Seems google has noticed as well, theres a message that appears when you do a google search that says ‘this site may be comprimised’

support.google.com/websearch/answer/190597

How does the spam get on the manual?

People register an account in the manual and create a new page. Fortunately, they rarely edit existing pages, or add links to their pages, but this also means that they often don’t get noticed.

I found out that there were over 18000 spam pages, which was about 90% of all pages. I’ve just used some broad patterns to nuke over 10000 pages. Maybe that’ll enough for Google not to consider the site to be compromised, although I’ll get around to deleting the rest eventually.

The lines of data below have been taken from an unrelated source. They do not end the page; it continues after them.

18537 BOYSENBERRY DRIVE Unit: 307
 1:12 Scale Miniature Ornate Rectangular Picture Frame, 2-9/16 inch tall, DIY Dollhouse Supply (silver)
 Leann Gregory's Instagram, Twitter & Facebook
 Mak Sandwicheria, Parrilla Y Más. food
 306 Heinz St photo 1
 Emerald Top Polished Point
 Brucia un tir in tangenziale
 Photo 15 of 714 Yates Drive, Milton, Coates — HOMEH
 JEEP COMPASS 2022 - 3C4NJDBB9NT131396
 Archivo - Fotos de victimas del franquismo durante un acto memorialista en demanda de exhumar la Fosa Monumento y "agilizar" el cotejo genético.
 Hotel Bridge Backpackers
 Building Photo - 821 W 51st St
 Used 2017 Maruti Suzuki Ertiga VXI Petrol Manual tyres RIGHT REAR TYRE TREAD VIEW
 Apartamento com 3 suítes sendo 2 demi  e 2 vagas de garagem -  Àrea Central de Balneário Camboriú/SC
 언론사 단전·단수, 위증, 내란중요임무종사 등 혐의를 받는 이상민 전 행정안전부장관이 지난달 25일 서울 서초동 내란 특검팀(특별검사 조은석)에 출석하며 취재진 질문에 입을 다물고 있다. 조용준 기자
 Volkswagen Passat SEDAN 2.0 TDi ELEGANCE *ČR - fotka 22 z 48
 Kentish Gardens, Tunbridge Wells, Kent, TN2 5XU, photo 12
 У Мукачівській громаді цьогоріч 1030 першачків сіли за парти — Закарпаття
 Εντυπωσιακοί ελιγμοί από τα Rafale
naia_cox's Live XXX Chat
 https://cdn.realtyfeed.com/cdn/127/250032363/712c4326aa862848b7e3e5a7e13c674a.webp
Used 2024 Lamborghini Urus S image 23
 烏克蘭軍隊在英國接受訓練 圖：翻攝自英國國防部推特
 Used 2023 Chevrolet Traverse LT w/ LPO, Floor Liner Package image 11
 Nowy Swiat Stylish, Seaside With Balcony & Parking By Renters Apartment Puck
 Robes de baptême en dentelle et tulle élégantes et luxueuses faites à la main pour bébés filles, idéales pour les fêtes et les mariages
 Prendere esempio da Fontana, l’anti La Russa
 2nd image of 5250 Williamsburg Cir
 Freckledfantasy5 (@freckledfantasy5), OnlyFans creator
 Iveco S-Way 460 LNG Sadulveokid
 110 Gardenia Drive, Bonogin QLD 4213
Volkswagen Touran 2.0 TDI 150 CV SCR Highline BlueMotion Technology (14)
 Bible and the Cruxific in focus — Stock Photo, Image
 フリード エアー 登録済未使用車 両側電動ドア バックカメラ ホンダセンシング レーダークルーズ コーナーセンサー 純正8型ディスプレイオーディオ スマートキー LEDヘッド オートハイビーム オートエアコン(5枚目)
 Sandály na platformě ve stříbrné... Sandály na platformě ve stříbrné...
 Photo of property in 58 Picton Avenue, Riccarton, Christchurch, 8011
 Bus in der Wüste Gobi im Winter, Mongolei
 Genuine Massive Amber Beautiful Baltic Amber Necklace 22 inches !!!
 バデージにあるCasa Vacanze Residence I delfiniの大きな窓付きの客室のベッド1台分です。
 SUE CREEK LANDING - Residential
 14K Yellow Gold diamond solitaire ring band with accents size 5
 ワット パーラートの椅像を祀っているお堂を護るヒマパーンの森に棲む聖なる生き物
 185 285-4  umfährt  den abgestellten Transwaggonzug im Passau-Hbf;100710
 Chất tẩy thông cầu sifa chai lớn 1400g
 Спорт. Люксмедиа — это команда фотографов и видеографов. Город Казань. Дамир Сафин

It might be worth restricting the manual to a white-list of authorized editors (if that’s possible). I’m not sure you want just anybody going in and editing the primary instructions / adding pages. Or have new pages need approved?

I do agree that we need stricter access control in the manual.

I’ve just changed the permissions; new users can still edit, but they have to wait 4 days until they can create a new page.

The manual mainpage has the spammies now, too

http://www.panda3d.org/manual/index.php/Main_Page

edit: Just opened a wiki-account to try to fix it, but rdb was faster. Thanks!

Google search warns this website “may be hacked”.

I have been experimenting with measures to keep spammers out; they seemed to work so far. I just cleaned up the spam in the manual with a few sophisticated queries, deleting about 35000 pages.

RDB - years back when I had a php bulletin board on my site, it got eaten by spammers, but they also exploited something that allowed them to edit some of my actual pages. So I came up with a perl script that knew the sizes and dates of creation, and I kept the master list elsewhere. On a regular interval, my perl script would execute and automatically “heal” the site.

This sounds like something you could do also. I just don’t know how easily you can get it in your workflow since I was the only person editing and working on my site (well, other than those spammers) but it might be worth looking in to.

Cheers!

Charles